This upsets me greatly. I recall downloading the old versions of Skype a few years ago from http://www.oldversion.com/windows/skype/ and they were actually nice to use, felt responsive and just generally were most of what i'm looking for in a chat application.

At work, we still use the current versions of regular Skype (not Skype for business, which i'm told is a separate product and disgusting) for stand up calls and some meetings, as well as a chat solution for talking with colleagues, since Slack and Teams chats are too fragmented. It would have been nice to centralize everything on a single self-hosted platform, about which i wrote on my blog: https://blog.kronis.dev/tutorials/lets-run-our-own-chat-plat... but until something like that would happen, Skype is the closest thing we've got (apart from e-mail, ugh).

I also used Skype throughout my university days to chat with my friends, and even all the way back in school, to keep in touch with people. Now, Skype has largely been displaced by Discord or WhatsApp for those purposes (no one seems to care for Telegram or Signal) and there are very few cases when anyone will turn to using Skype anymore.

And somehow, the product is way worse today than it used to be. The UI feels more "app-like" at the expense of being confusing and slow, there are occasionally bugs with how text shows up, it's spiraled downwards far from where the original native apps were and it seems that Microsoft will continuously throw the whole platform under the bus in favor of Teams.

But neither Teams, nor Zoom are good either! The sharing UI just jumps all over the place and in zoom even forces full screen. Zoom is obnoxious and doesn't let you open the options menu without being signed in, whereas Teams is broken and doesn't let you share files directly (neither does Zoom, to be honest). They just feel like a huge step backwards for general purpose communication, instead being meant just for meetings.

So what's left? Discord, Slack and even Rocket.Chat (which i mentioned in that blog post) all have their idiosyncrasies, for example, you can't really use Discord if all you need is one group or meeting, since it's centered around the concept of servers. I really don't know how we went from something that's good enough to a plethora of mediocre and sub par solutions...

Did not thread fully, but I get your point. I know large portion hacker news audience dont like Sowell (and other Chicago school econs). In Basic Economy he defines that monopoly cant be defined “market share”, but how hard is to migrate off/open new competitors. Seing how tiktok eating userbase for fb. Its hardly defined as monopoly in social media angle. There should be more
If you want to time when people will completely leave Facebook forever, timing markets is basically a fools' errand.

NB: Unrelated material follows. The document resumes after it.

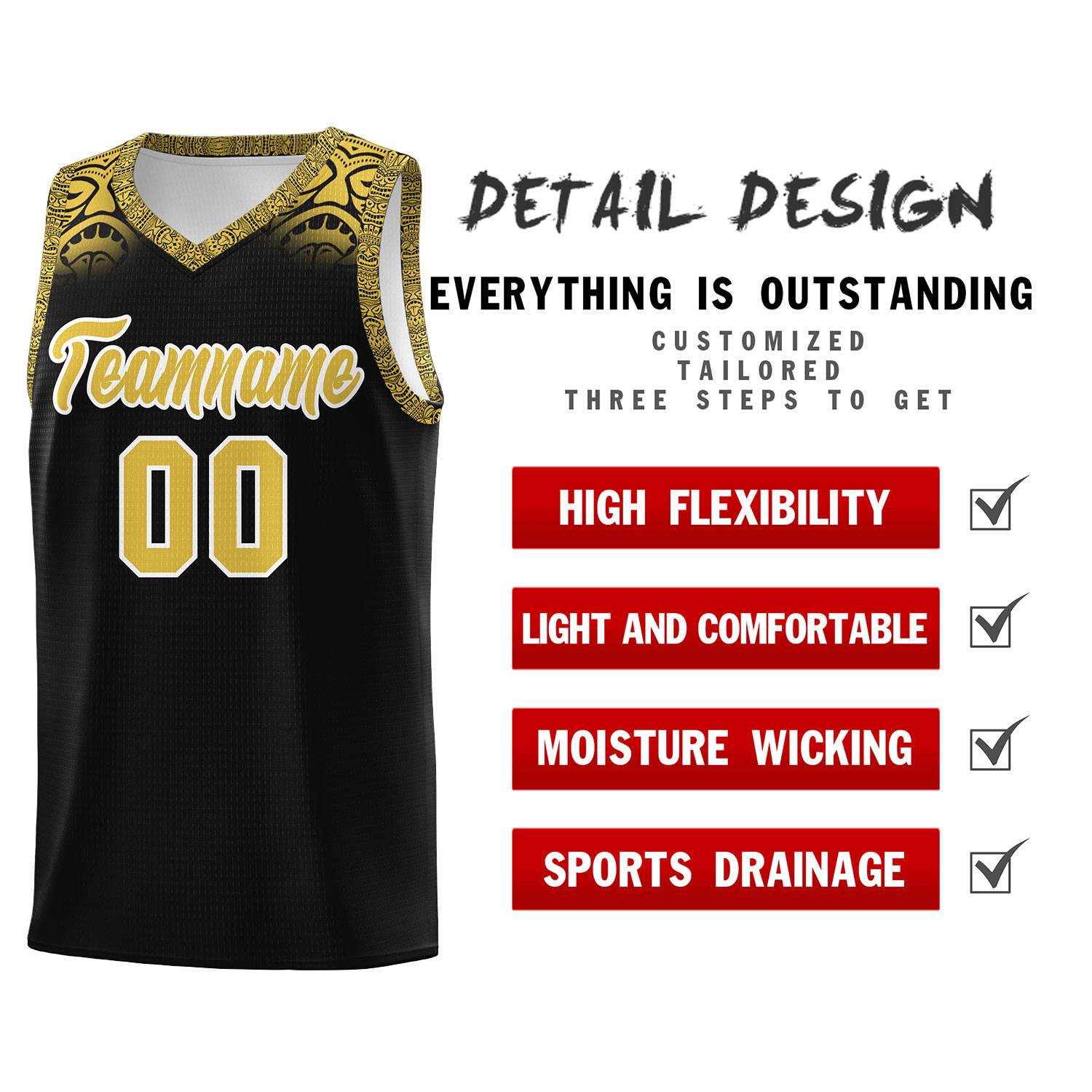 Custom Black Yellow Personalized Indians Print Kits Sports Uniform Basketball Jersey|KXKSHOP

I think though that while Facebook the social network may not last very long, I'm less sure that Facebook as a facilitator of ads will go away. They have a lot of historical data on which to continue determining ad placement on the Internet. Google ads don't just exist on Google sites.

> it was pretty easy for people to ditch Skype and move to Zoom

Only because Microsoft probably assigned two interns to maintain Skype in the last 5 (if not more) years. I do agree with your point though.

However there is no good alternative for Meta’s Facebook, despite its degrading web UI over the years. I dont think its that much of a problem growing at 1-2% per month instead of 20-25% for any new social network.

People should ideally stop using whatsapp and move over to Telegram as it seems to be the only one that has whatsapp UX parity. Thats what I did, and I also have signal, discord etc and I own no shares of Telegram.

> People should ideally stop using whatsapp and move over to Telegram as it seems to be the only one that has whatsapp UX parity.

UX parity?? Telegram's UX blows WhatsApp out of the water. Stickers, message edits, polls, location sharing, bots for public channels, audio chats, etc etc. It's not even close!

And I don't really want any of that. I want just send textual message to group of people for free. Maybe add an image, but that is it. I don't really care about anything extra.
But even that Telegram does better, because you can edit messages you've sent to correct typos, you can pin them in channels, and there are extra nice things which might come in handy ( when do you want to meet? A pinned poll and it's easy).
I use Zoom and Skype but Zoom has not come close to replacing Skype for me. I have skype-in with multiple landline phone numbers in multiple states. Zoom does not offer this yet.
Curious what you think Telegram has over Signal. If your motivation for leaving WhatsApp is because of privacy concerns both WhatsApp, Signal, and even iMessage for that matter are technically superior to Telegram. Was it personal preference between the two or network effects of the larger user base on Telegram?
>Facebook ... stays big primarily because of network effects

And trying to buy anything that competes. If they'd been blocked from buying Instagram and WhatsApp they'd be in a much weaker position. Antitrust stuff could in principle stop them doing that.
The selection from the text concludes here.